WASHINGTON (2/13/12)--Access to capital "is essential for the health of the small business economy," and the current 12.25% of assets member business lending cap that is imposed on credit unions "is detrimental to the health of small business," the Small Business Authority (SBA) said in a Forbes.com blog post.
Separate pieces of House and Senate legislation would increase this cap to 27.5% of total assets, injecting $13 billion in new funds into the economy, and creating as many as 140,000 new jobs, according to Credit Union National Association (CUNA) estimates.
"Credit unions have better loan loss performance statistics than other financial institutions and have 92 million members across the United States, many of which desire business loans," the blog said, noting that credit unions have been making MBLs since the early 1900s, and did so with no cap on their ability to lend.

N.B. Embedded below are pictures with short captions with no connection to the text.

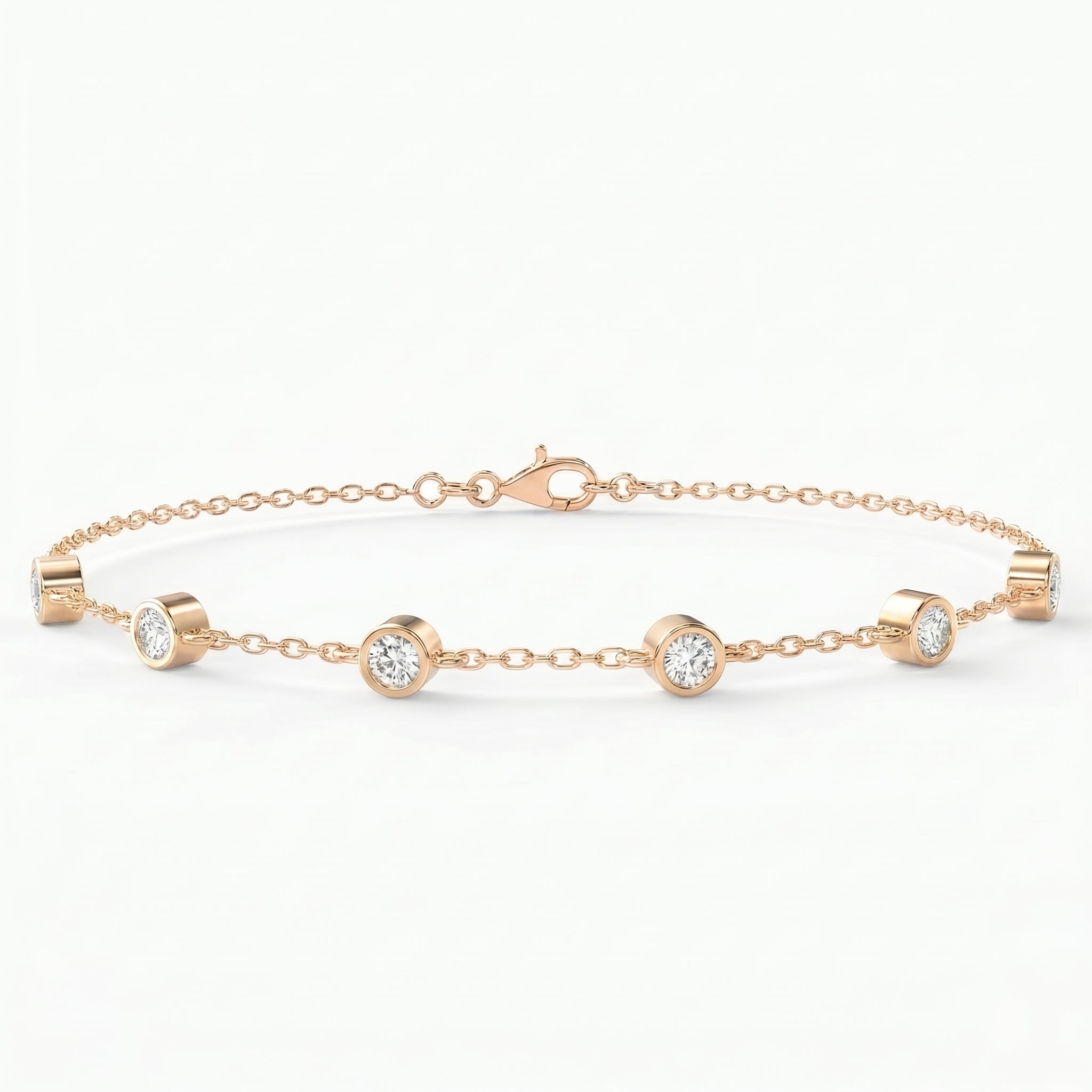 Minimalist Bezel Set Round Diamond Chain Bracelet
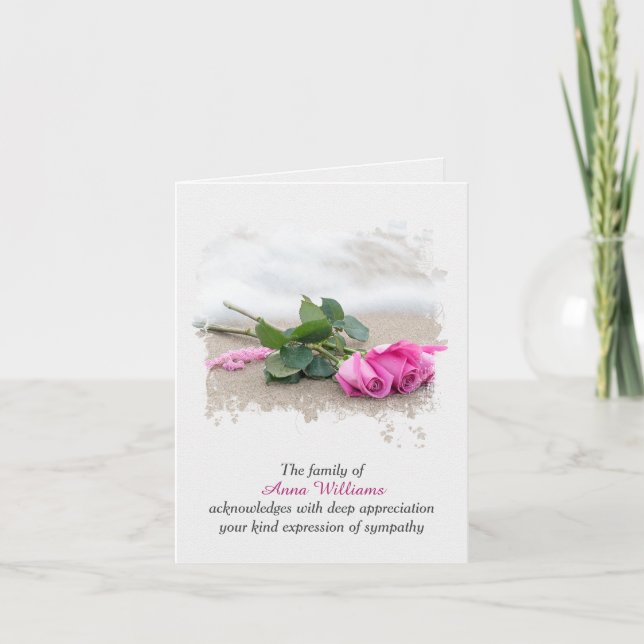 Carte Merci Sympathique Roses sur le sable (Devant)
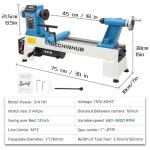 12" x 18" Digital Display Wood Lathe Machine, Benchtop Wood Lathe Machine 3/4HP 110V Infinitely Variable Speed 650-3800 RPM Professional for High Speed Sanding and Polishing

The business lending activities of credit unions, which "are historically experienced in this field and have the capacity to lend" should not be limited, the blog post added.
The SBA blog post also highlighted CUNA's Small Business Hike the Hill, which took place last week in Washington. Reps. Ed Royce (R-Calif.) and Carolyn McCarthy (D-N.Y.) advocated for an MBL cap increase during a Wednesday Capitol Hill press conference, and small business and credit union representatives from across the country met with their respective legislators to further spread the pro-MBL cap increase message. All in all, 75 small business and credit union representatives from 15 states are conducting their own state and district level MBL cap increase advocacy activities.

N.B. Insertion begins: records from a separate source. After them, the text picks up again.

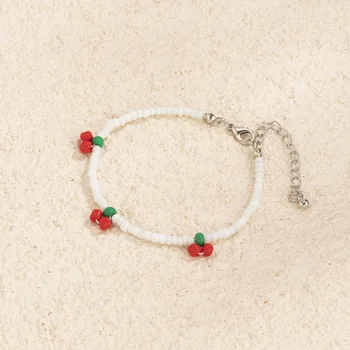 Nový korejský Letní Handmade Sladké Červené Cherry Ovoce Barevné Korálkový náhrdelník Náhrdelník pro Ženy, Dívky Bohemia Dovolenou na Pláži Šperky 576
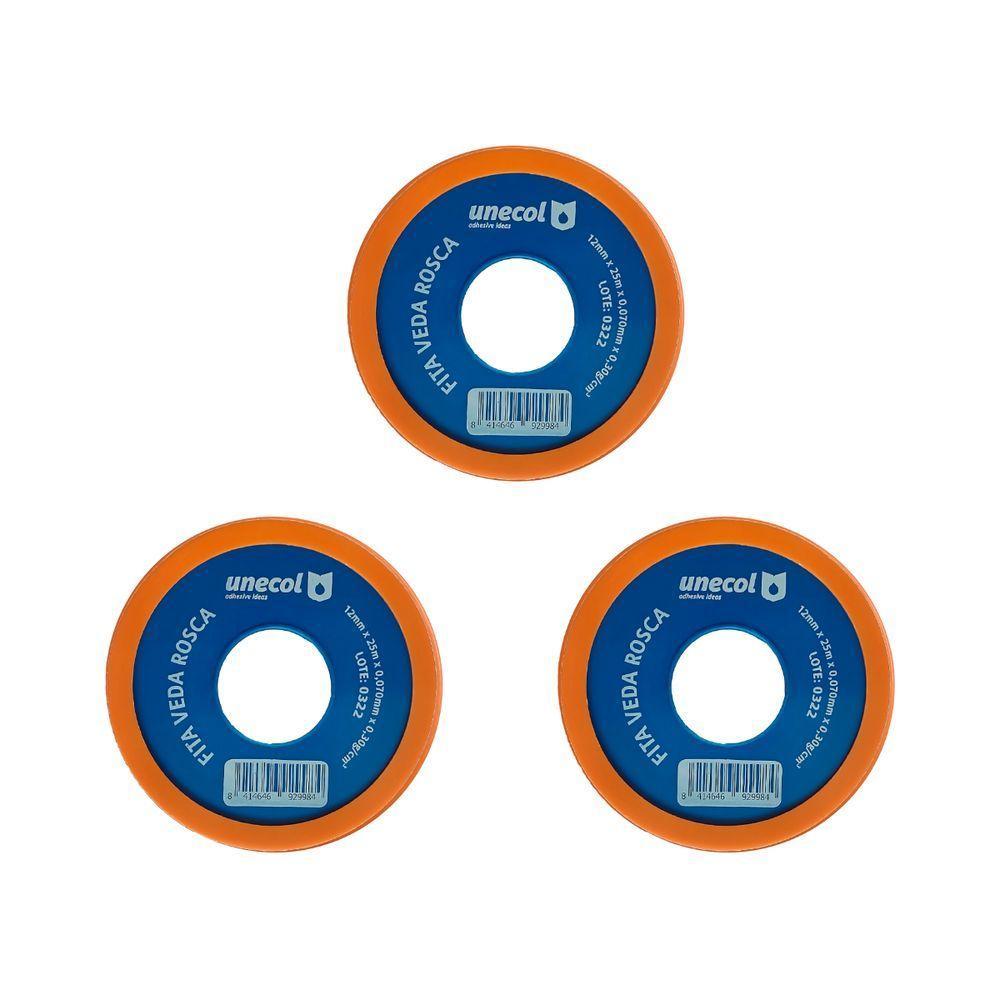 Kit 3 Fitas Veda Rosca 12mm 50 Metros Vedação Hidráulica Canos Torneiras Teflon - 1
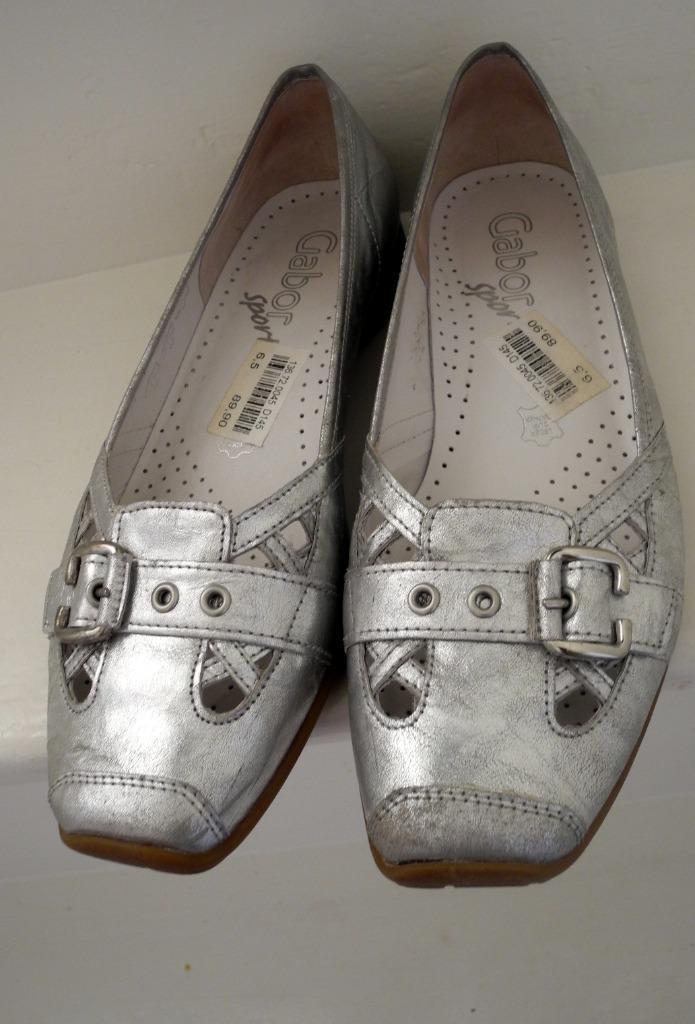 zilveren ballerina's Gabor Sport maat 40, Kleding | Dames, Schoenen, Zo goed als nieuw, Ballerina's, Overige kleuren, Ophalen of Verzenden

SBA also took part in the Hike the Hill activities.
The SBA is a CUNA Strategic Services provider. For the Forbes.com blog post, use the resource link.

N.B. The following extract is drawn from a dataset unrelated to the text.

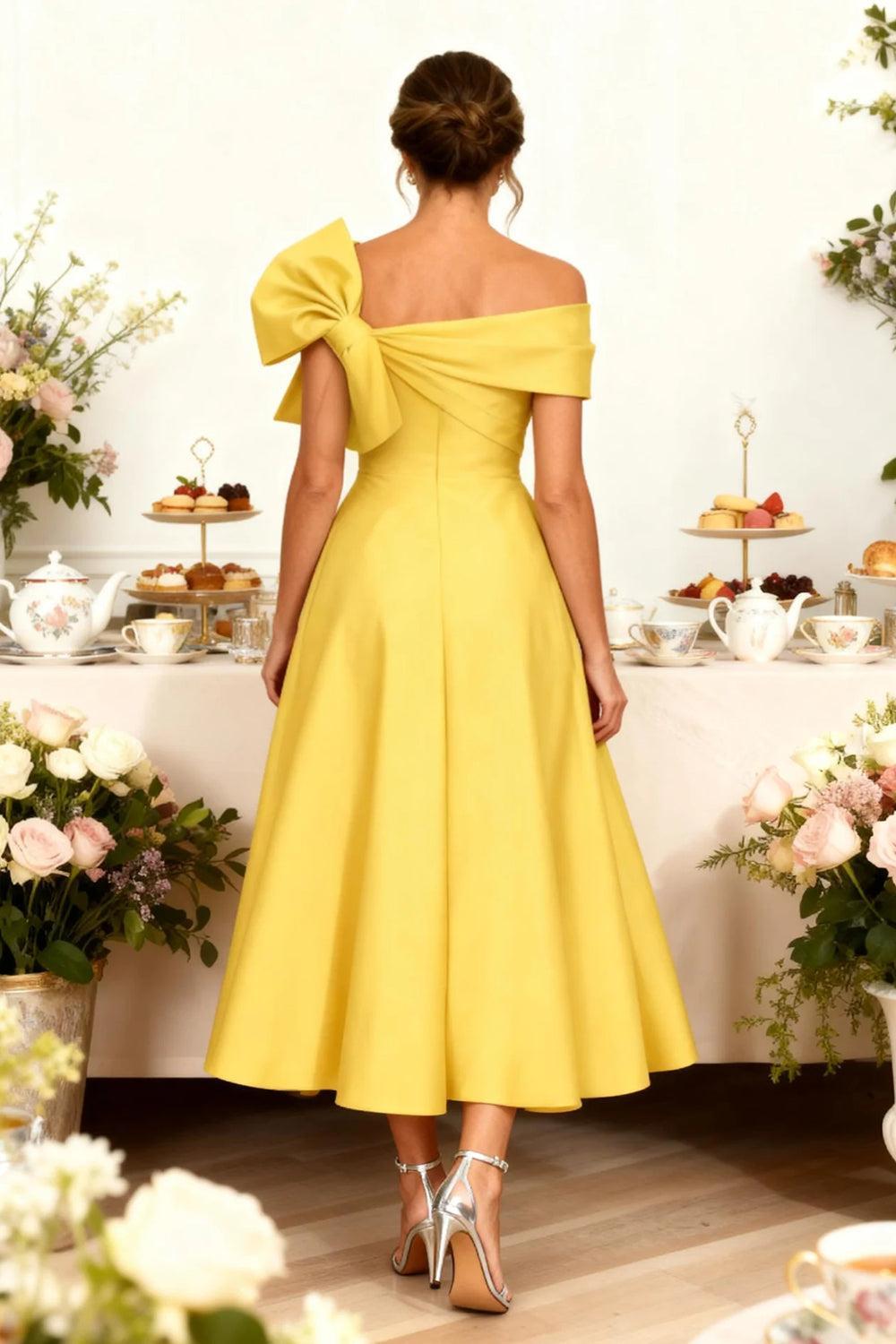 Dreamyannie Yellow Satin A Line Ankle Length Mother Of The Bride Dress With Bow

MBL cap increase legislation has also been supported in a Huffington Post piece by Heartland Institute Vice President Eli Lehrer and an American Consumer Institute blog in The Hill.
The Progressive Policy Institute has also suggested allowing increased credit union member business lending authority to ease the credit squeeze on small businesses. A recent Small Business Majority, Main Street Alliance and American Sustainable Business Council survey of small business owners has shown that the vast majority of small business owners believe it is difficult to secure a business loan.